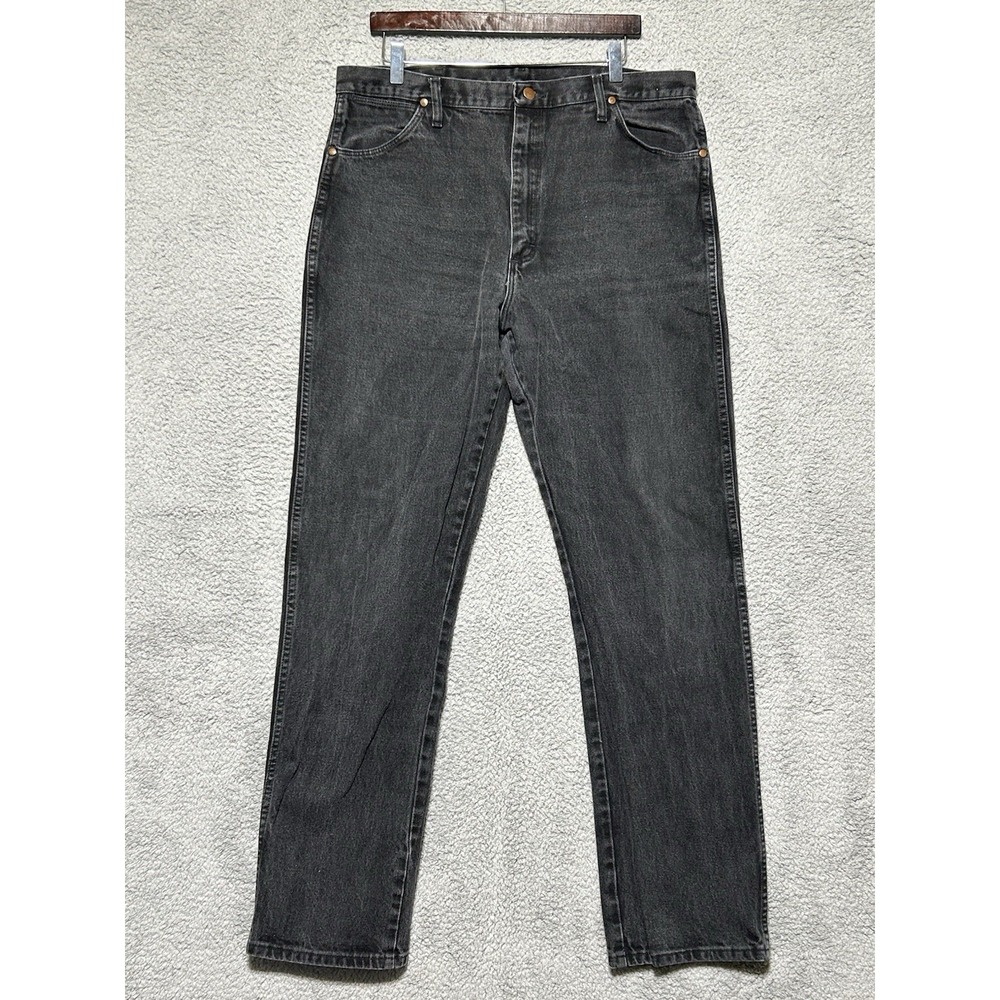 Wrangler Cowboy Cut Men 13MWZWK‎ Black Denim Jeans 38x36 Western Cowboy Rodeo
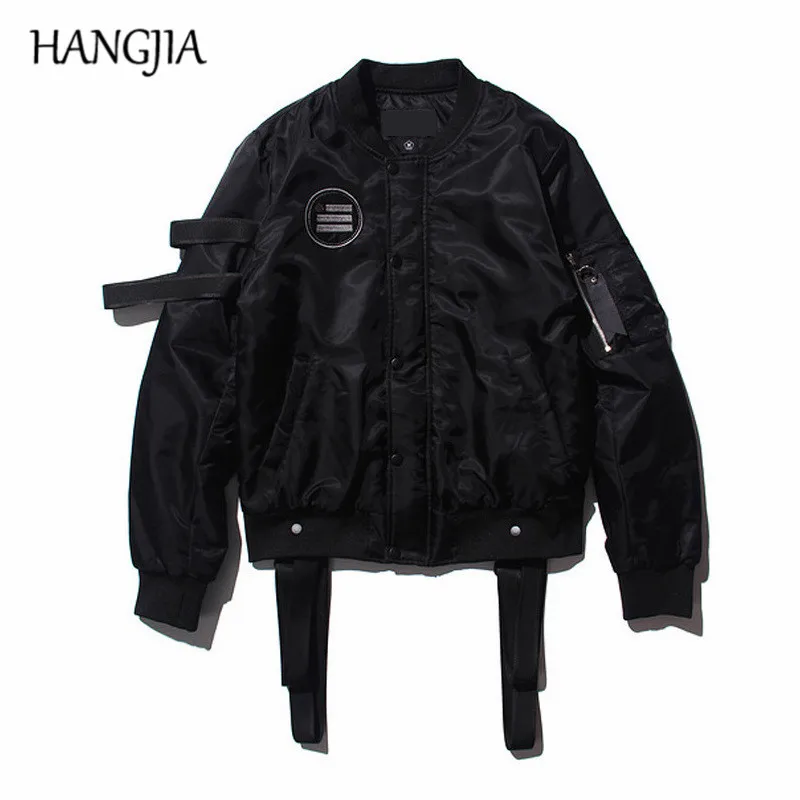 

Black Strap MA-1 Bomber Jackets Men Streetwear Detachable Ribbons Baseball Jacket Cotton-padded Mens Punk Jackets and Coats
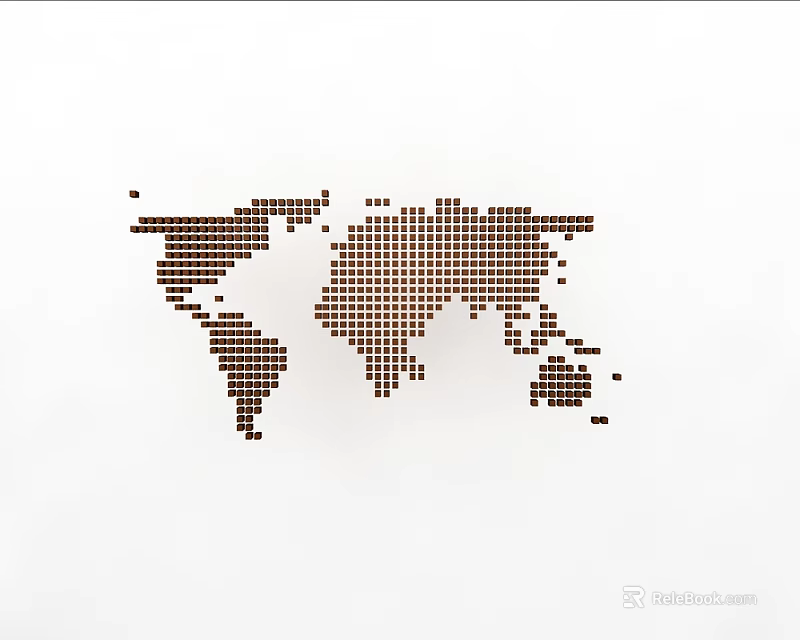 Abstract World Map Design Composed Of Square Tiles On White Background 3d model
________________________________________
Apart from the pictures, every line of the material above is to be returned word for word.

## Exercise output
 Wrangler Cowboy Cut Men 13MWZWK‎ Black Denim Jeans 38x36 Western Cowboy Rodeo

Black Strap MA-1 Bomber Jackets Men Streetwear Detachable Ribbons Baseball Jacket Cotton-padded Mens Punk Jackets and Coats
 Abstract World Map Design Composed Of Square Tiles On White Background 3d model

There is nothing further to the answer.